[INPUT FOR THIS TASK]

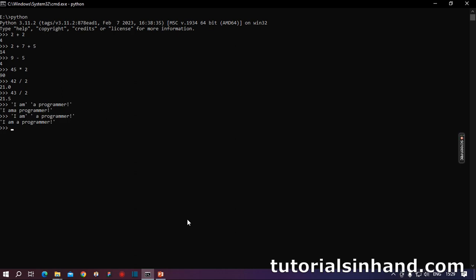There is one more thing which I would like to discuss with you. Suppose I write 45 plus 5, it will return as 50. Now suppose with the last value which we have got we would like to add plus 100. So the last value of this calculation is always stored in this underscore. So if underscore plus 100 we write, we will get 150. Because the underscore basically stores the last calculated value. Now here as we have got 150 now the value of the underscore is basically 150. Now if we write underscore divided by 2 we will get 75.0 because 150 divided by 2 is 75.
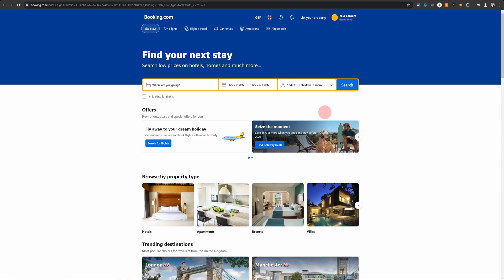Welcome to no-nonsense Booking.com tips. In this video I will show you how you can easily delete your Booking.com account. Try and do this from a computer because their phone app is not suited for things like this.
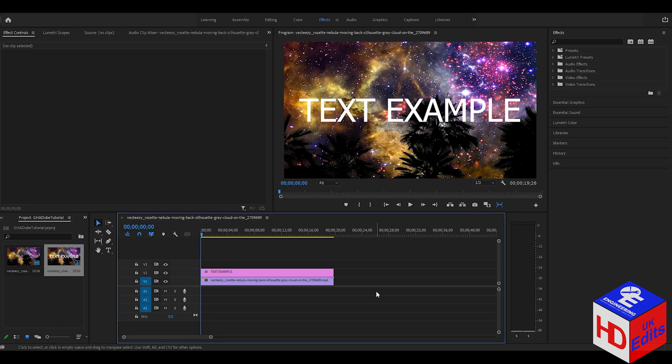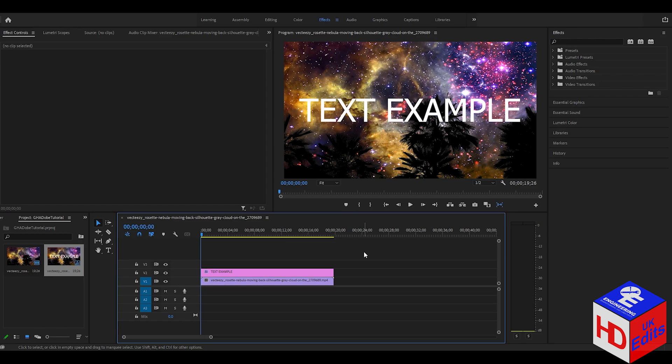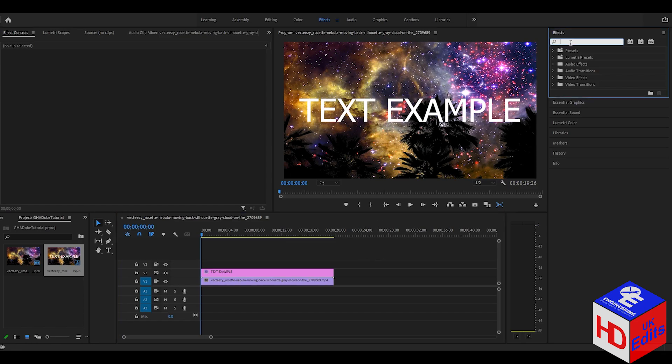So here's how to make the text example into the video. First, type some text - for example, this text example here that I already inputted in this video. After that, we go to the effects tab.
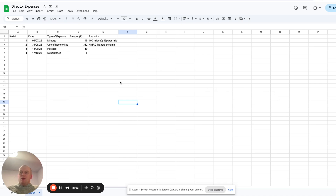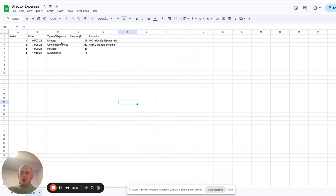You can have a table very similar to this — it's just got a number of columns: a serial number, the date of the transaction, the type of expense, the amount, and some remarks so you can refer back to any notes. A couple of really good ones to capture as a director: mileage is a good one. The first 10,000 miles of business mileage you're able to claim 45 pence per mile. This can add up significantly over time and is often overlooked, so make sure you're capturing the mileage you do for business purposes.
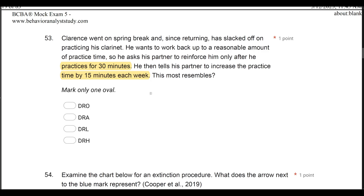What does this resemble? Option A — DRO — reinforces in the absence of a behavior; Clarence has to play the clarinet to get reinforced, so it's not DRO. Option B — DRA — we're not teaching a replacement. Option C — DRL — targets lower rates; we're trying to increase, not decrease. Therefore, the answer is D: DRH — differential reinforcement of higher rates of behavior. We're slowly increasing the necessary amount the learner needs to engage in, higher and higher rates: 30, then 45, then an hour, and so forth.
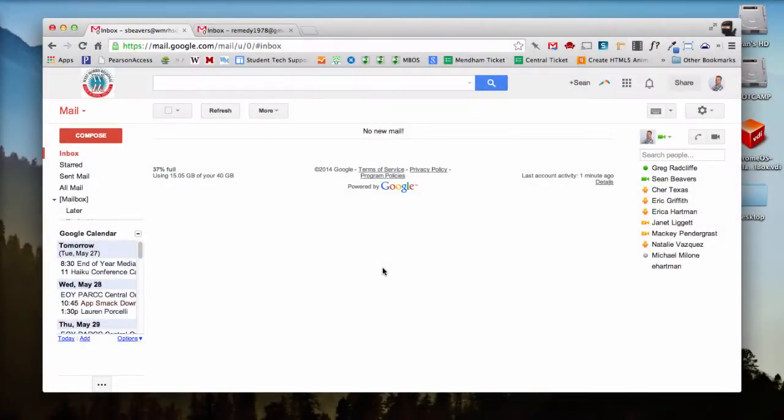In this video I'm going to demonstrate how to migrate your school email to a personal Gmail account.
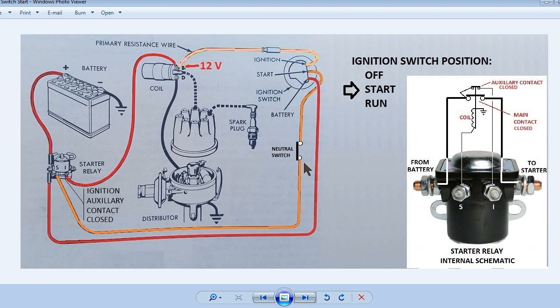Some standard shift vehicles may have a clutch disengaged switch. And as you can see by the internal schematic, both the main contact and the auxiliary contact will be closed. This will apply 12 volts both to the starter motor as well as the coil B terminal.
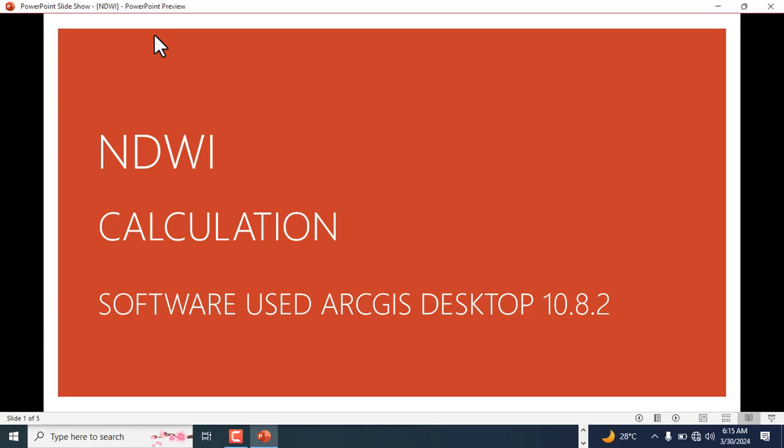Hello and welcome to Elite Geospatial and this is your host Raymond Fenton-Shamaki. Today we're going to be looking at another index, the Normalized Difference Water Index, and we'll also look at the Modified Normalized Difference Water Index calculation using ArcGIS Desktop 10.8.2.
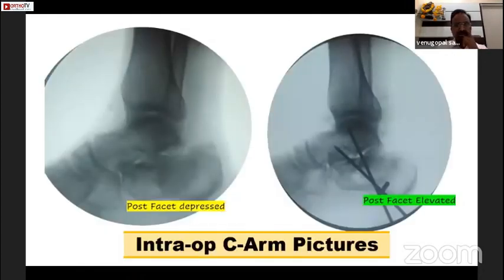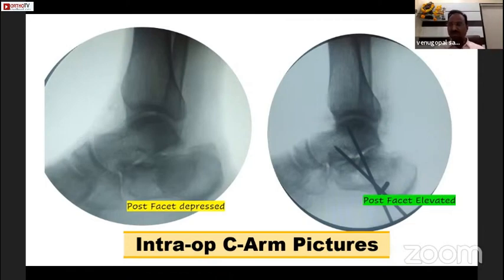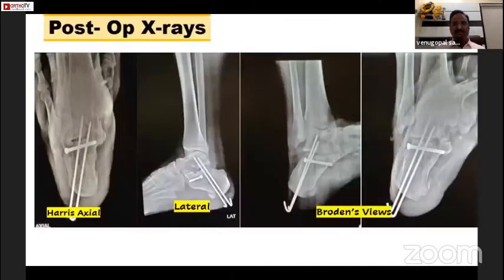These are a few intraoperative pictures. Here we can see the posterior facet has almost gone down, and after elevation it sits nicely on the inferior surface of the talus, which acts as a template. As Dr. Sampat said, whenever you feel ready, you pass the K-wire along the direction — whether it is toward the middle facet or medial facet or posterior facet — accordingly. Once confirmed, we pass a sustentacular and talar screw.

[/INPUT FOR THIS TASK]
[INPUT FOR THIS TASK]

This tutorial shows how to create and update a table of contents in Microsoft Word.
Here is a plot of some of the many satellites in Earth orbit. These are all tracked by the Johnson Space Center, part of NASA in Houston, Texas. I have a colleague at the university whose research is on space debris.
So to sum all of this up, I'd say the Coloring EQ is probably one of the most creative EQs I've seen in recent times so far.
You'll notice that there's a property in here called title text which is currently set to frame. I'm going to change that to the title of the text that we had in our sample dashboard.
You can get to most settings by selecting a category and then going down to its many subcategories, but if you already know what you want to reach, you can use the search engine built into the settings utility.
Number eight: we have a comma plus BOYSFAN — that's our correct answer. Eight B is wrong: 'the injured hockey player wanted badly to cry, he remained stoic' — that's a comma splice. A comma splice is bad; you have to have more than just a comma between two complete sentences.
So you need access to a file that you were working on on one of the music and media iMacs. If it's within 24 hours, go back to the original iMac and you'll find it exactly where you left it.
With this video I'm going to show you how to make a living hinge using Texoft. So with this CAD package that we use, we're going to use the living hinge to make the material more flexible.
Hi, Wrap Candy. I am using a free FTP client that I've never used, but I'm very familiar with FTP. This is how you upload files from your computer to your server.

[/INPUT FOR THIS TASK]
[INPUT FOR THIS TASK]

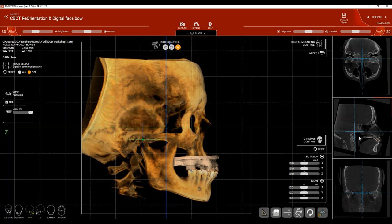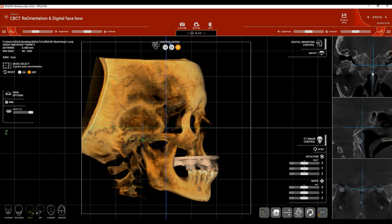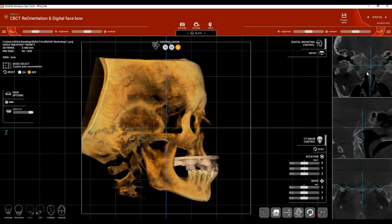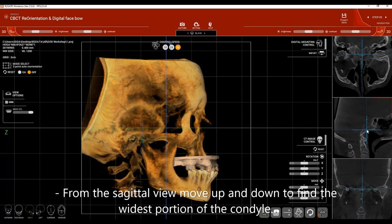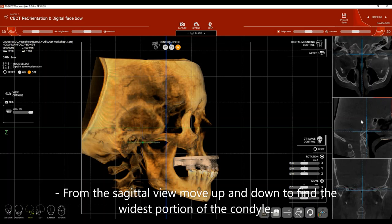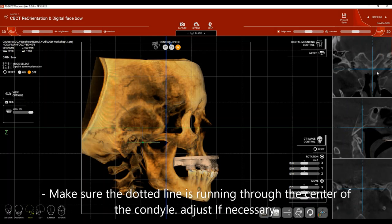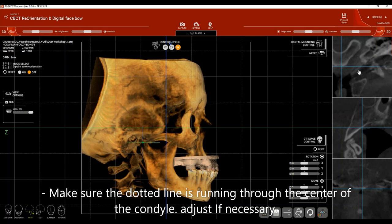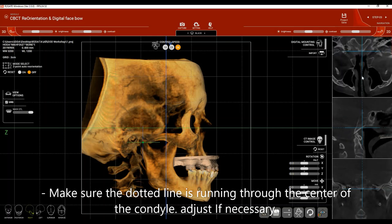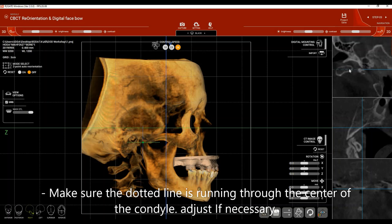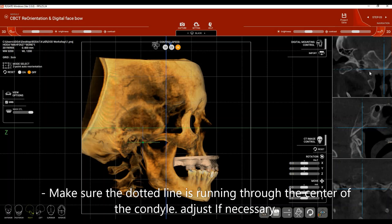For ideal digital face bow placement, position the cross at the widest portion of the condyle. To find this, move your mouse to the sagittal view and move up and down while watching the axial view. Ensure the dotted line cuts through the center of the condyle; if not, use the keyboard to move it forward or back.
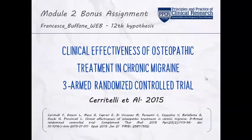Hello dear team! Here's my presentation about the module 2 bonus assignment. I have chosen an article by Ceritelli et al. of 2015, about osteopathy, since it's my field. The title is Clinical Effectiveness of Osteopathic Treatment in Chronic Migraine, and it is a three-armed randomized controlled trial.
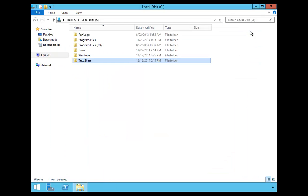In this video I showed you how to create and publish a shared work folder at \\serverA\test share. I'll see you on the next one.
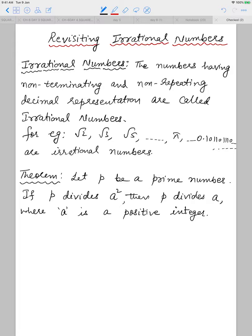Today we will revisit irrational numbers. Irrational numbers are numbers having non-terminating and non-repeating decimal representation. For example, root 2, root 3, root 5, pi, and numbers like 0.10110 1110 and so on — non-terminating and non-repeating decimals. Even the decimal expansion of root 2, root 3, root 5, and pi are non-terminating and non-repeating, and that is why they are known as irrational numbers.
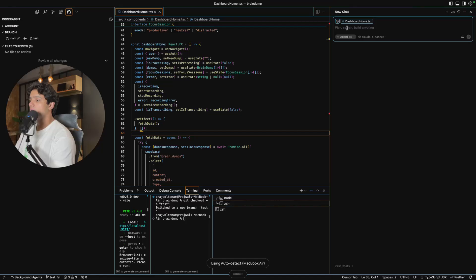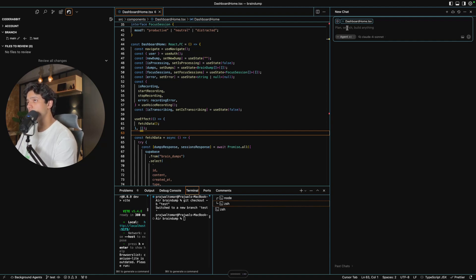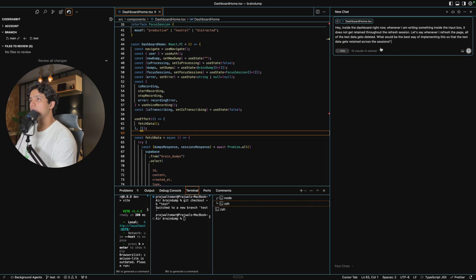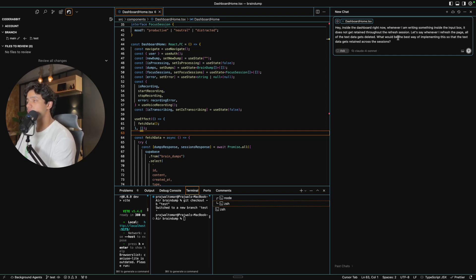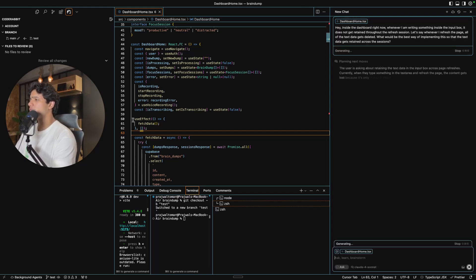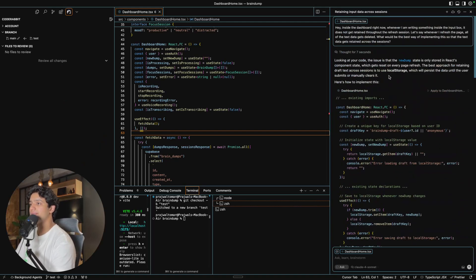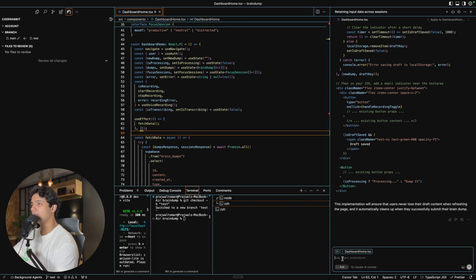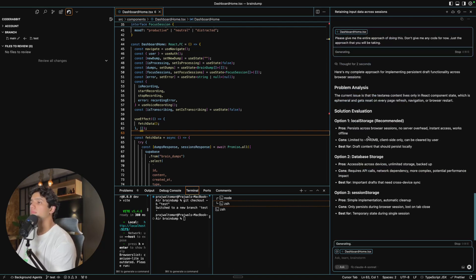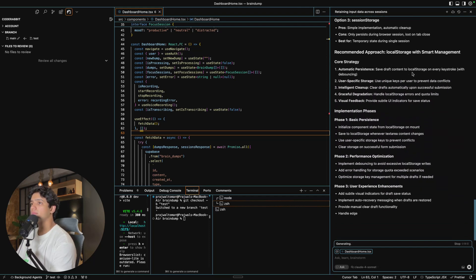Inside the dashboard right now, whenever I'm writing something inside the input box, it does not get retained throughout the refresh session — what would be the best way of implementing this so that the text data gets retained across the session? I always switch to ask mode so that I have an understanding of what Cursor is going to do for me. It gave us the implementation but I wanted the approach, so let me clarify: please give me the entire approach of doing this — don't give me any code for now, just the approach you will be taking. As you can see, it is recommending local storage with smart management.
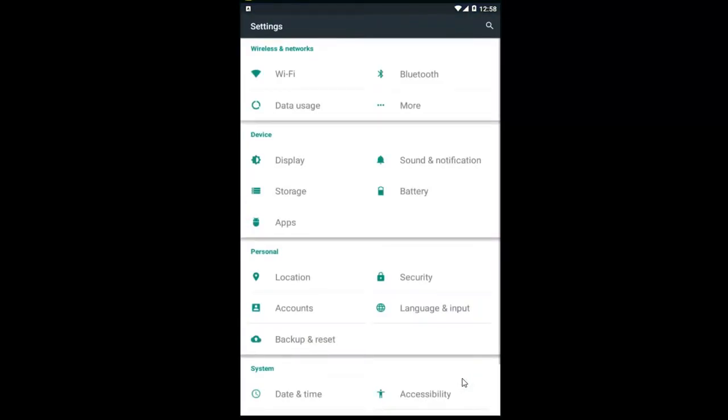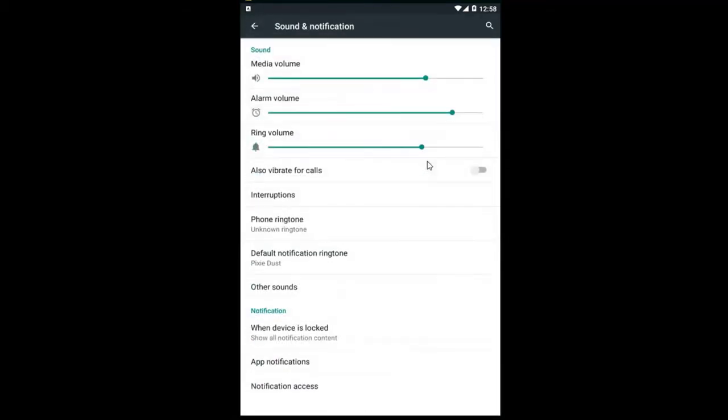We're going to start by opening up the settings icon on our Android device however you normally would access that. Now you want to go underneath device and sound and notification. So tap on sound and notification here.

[/INPUT FOR THIS TASK]

WORK ITEM >>
Respond with the exact lines above running from the one containing "In this video I showed" to the one containing "We're going to start", both ends kept and no pictures included.

EXERCISE ANSWER >>
In this video I showed you how to create and publish a shared work folder at \\serverA\test share. I'll see you on the next one.
Today we will revisit irrational numbers. Irrational numbers are numbers having non-terminating and non-repeating decimal representation. For example, root 2, root 3, root 5, pi, and numbers like 0.10110 1110 and so on — non-terminating and non-repeating decimals. Even the decimal expansion of root 2, root 3, root 5, and pi are non-terminating and non-repeating, and that is why they are known as irrational numbers.
Inside the dashboard right now, whenever I'm writing something inside the input box, it does not get retained throughout the refresh session — what would be the best way of implementing this so that the text data gets retained across the session? I always switch to ask mode so that I have an understanding of what Cursor is going to do for me. It gave us the implementation but I wanted the approach, so let me clarify: please give me the entire approach of doing this — don't give me any code for now, just the approach you will be taking. As you can see, it is recommending local storage with smart management.
We're going to start by opening up the settings icon on our Android device however you normally would access that. Now you want to go underneath device and sound and notification. So tap on sound and notification here.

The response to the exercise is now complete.